Later this week there was a mayonnaise jar with a cancerous uterus floating inside it that is perched on the orderlies’ desk in the maternity ward. It sat above the charts for the newborns that lie side by side, waiting to be read through and signed by the attending. It looks more like a naked, twisted cassava root than a womb. Apparently, as someone randomly came in and told us in clinic, it and the woman it was once a part of are wanted in pathology. I also saw my first instance of soda in a baby’s bottle. I had been on the look-out for it since Audra had mentioned it was common practice but this was my first real sighting. There really is no question why half the children who come through the clinic have brown teeth rotting slowly in their gums.

As part of her introduction to the clinic, we took Dr. Stephanie to the “country bar” in Coxen Hole, one of Dr. Charles’ favorite haunts. A piece of cardboard taped up above the women’s toilet reads, “VORNING,” then a little space before the line, “Don’t do no dope in the toilet.” Then it said the same thing again, slightly more formally, in Spanish.
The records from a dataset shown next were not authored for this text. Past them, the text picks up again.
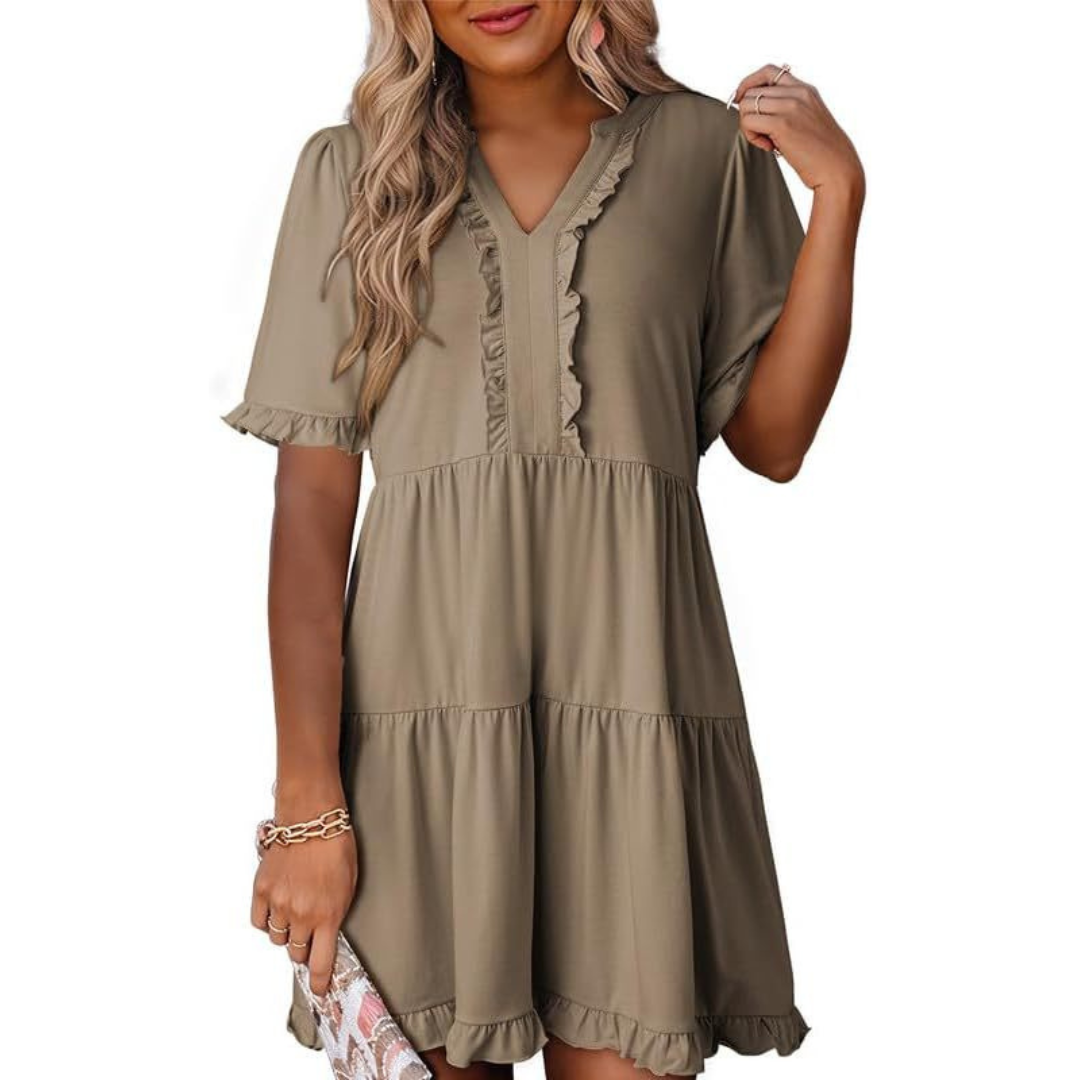 Shaila | Lässiges V-Ausschnitt Mini-Kleid für Damen mit kurzen Ärmeln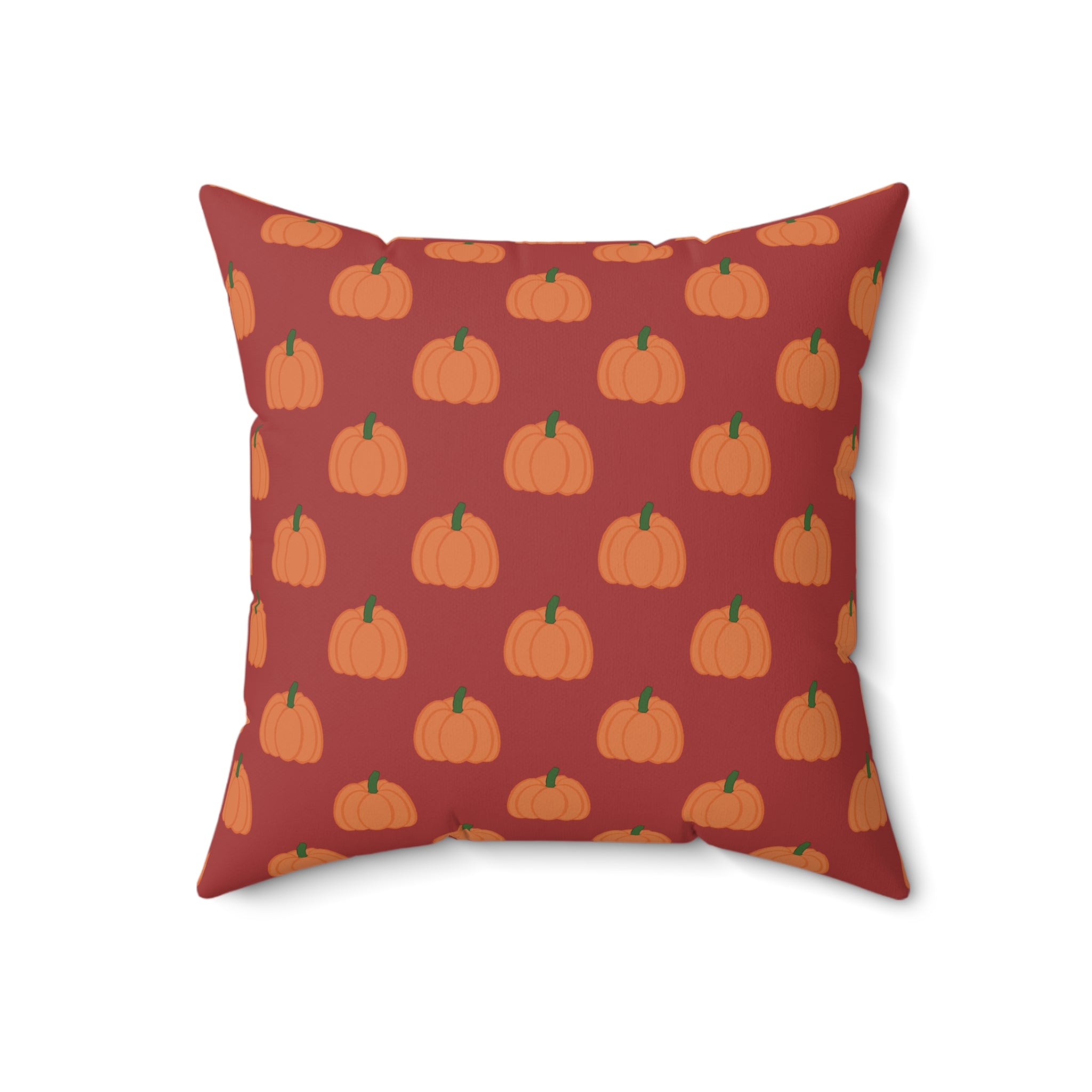 Burnt Orange Halloween Pumpkin Pattern Square Pillow — Halloween Fall Decorative Throw Pillow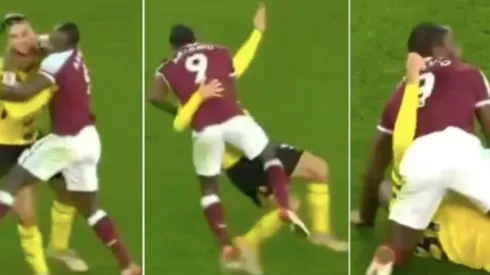 Francisco Sierralta fue derribado al estilo de la lucha libre por el delantero Michail Antonio en la apabullante victoria de West Ham ante Watford.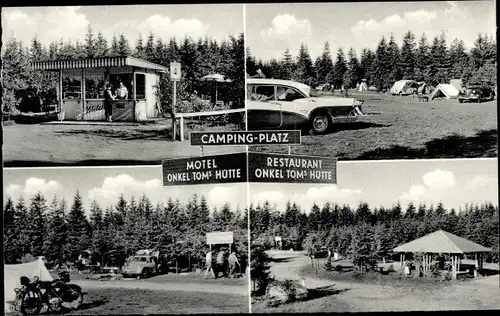 Ak Lentföhrden in Schleswig Holstein, Campingplatz Onkel Toms Hütte, Bundesstraße 4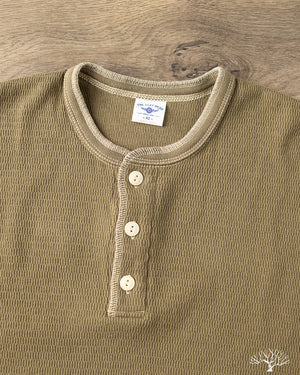 The Flat Head - FN-THLH-004 - Waffle Knit Henley Thermal - Olive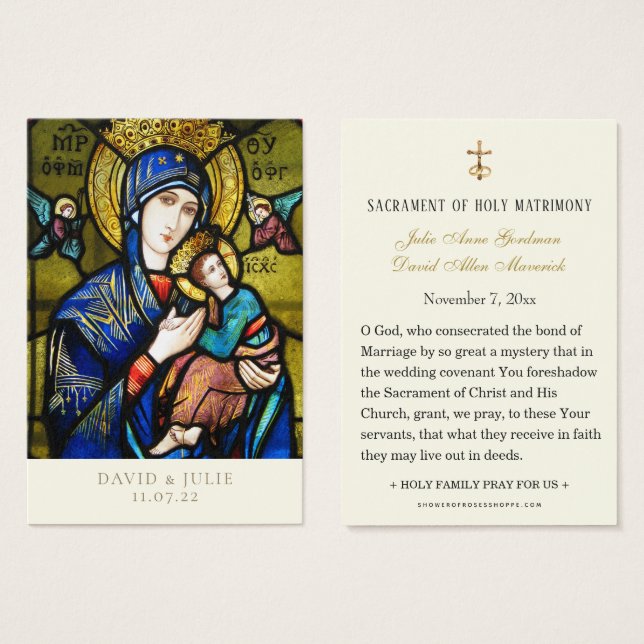 Carte de prière Mariage catholique en verre tendu (Devant & derrière)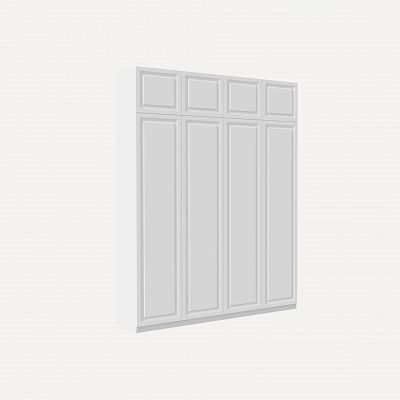 Шкаф с антресолью и фрезерованными фасадами Альтаир Белый (Оргей)
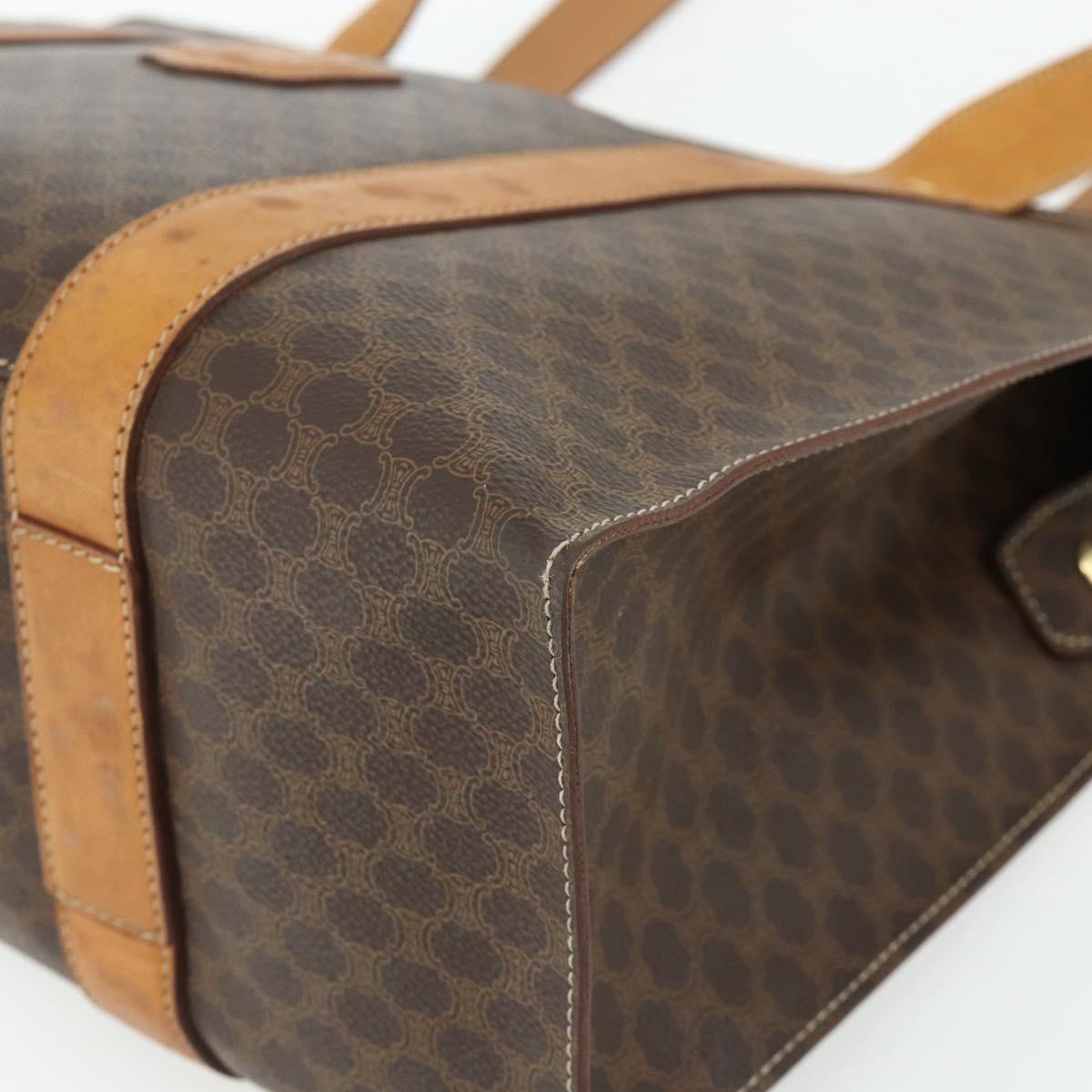 CELINE Macadam Canvas Tote Bag PVC Leather Brown Gold Auth ka4146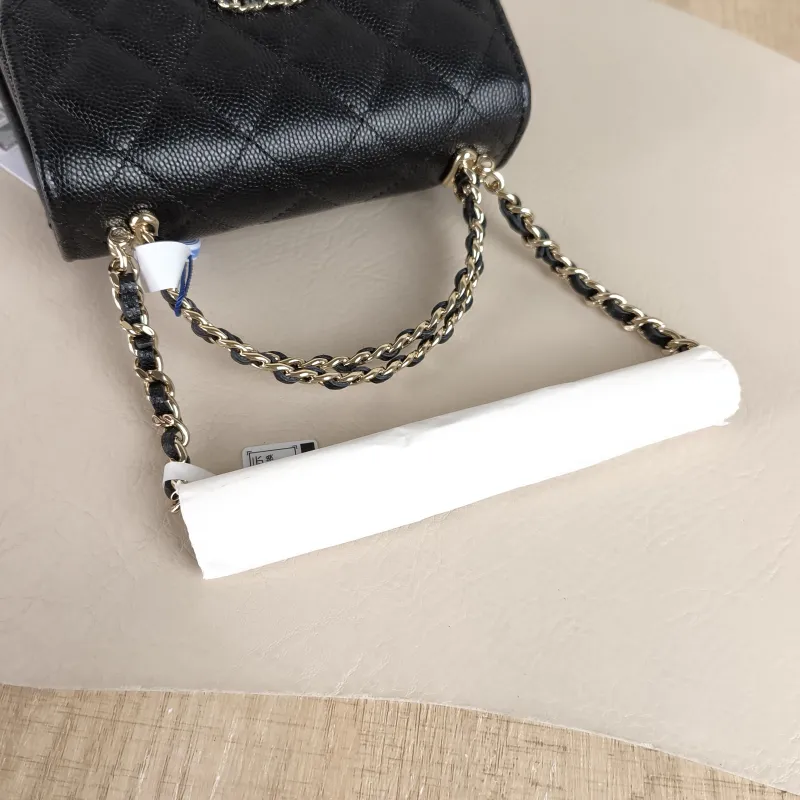 Chanel Crossbody Bag kelly Black Grained Calfskin nano 15 × 5 × 11 cm — detail view 6 of 13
For all the tearing asunder from their rightful places that goes on in the hospital of organs, food and waste products, there was one reunion story this week. When I first came to the clinic, Leonel, in his infinite optimism, taped up the vaccination record card that Jennifer Suoza Flores had left behind. “She might come back for it someday,” he said. For weeks it sat square in the middle of my field of vision when I looked just above the computer monitor. Then finally, I go to call the next patient in for triaging and who was it but Jennifer Suoza Flores herself. If this were a made-for-tv movie, my handing back the scrap of paper would have been in slow-motion, with grandiose music in the background.

Things growing where they shouldn’t seemed to be the theme of the day: one case of hair fungus, where a young boy of seven had a huge round bald spot towards the back of the right side of his head, and of course the usual parade of worms and intestinal parasites although made more noteworthy this time by one of the mothers saying that although she hadn’t noticed anything abnormal in her kid’s stool, they had traveled north instead of south; he had been chewing on ascaris worms the night before. In addition, the past two days have featured several repeat customers. Hep A kid came back, looking healthier and the probable malaria twins returned, too, although only one of the almost identically named identical twins’ malaria smears came back positive. But malaria tests are like fishing; you keep casting your line out until you reel in the result you want.